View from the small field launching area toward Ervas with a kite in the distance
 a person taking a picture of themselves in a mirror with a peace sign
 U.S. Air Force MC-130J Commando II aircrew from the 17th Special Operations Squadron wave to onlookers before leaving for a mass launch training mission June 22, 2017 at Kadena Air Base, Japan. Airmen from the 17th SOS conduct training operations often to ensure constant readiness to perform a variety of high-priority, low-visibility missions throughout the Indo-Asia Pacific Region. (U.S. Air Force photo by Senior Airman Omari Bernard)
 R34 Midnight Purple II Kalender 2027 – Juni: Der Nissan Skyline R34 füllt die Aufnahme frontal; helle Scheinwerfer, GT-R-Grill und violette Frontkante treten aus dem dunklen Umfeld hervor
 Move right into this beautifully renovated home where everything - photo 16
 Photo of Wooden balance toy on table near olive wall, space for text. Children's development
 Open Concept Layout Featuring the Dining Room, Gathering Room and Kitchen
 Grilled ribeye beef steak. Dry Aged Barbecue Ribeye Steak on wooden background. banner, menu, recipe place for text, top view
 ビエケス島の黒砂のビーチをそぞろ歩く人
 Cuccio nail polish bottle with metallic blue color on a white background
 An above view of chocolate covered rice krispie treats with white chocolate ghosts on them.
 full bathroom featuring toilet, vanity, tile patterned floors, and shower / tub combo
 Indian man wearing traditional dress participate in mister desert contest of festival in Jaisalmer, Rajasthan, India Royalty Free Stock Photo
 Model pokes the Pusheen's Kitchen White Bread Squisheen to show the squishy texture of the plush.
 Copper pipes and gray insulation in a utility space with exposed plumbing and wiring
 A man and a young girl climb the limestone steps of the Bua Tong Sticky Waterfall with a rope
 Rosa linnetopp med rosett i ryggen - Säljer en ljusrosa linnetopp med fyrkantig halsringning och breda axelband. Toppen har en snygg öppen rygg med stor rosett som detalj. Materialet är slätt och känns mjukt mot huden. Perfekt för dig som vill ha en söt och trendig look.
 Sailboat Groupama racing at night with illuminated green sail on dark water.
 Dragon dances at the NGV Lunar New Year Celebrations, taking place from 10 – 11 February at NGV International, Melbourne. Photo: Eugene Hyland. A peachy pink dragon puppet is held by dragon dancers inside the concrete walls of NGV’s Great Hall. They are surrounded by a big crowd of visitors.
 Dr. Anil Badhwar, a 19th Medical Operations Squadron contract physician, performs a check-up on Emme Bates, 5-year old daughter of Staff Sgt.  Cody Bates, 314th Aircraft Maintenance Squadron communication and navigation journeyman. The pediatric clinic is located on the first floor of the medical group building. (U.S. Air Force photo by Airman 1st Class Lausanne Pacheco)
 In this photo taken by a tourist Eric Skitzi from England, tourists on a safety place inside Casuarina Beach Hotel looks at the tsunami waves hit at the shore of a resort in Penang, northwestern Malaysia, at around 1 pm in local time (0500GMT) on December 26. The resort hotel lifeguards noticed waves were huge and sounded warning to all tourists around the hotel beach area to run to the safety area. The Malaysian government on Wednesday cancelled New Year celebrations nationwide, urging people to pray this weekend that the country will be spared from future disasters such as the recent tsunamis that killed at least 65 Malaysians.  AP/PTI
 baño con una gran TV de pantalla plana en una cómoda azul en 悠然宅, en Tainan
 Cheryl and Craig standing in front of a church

Work task –
Include the first line of the listing, the line with "U.S. Air Force MC-130J", and every line between them, each repeated exactly, and output only those.

Solution for this exercise –
View from the small field launching area toward Ervas with a kite in the distance
 a person taking a picture of themselves in a mirror with a peace sign
 U.S. Air Force MC-130J Commando II aircrew from the 17th Special Operations Squadron wave to onlookers before leaving for a mass launch training mission June 22, 2017 at Kadena Air Base, Japan. Airmen from the 17th SOS conduct training operations often to ensure constant readiness to perform a variety of high-priority, low-visibility missions throughout the Indo-Asia Pacific Region. (U.S. Air Force photo by Senior Airman Omari Bernard)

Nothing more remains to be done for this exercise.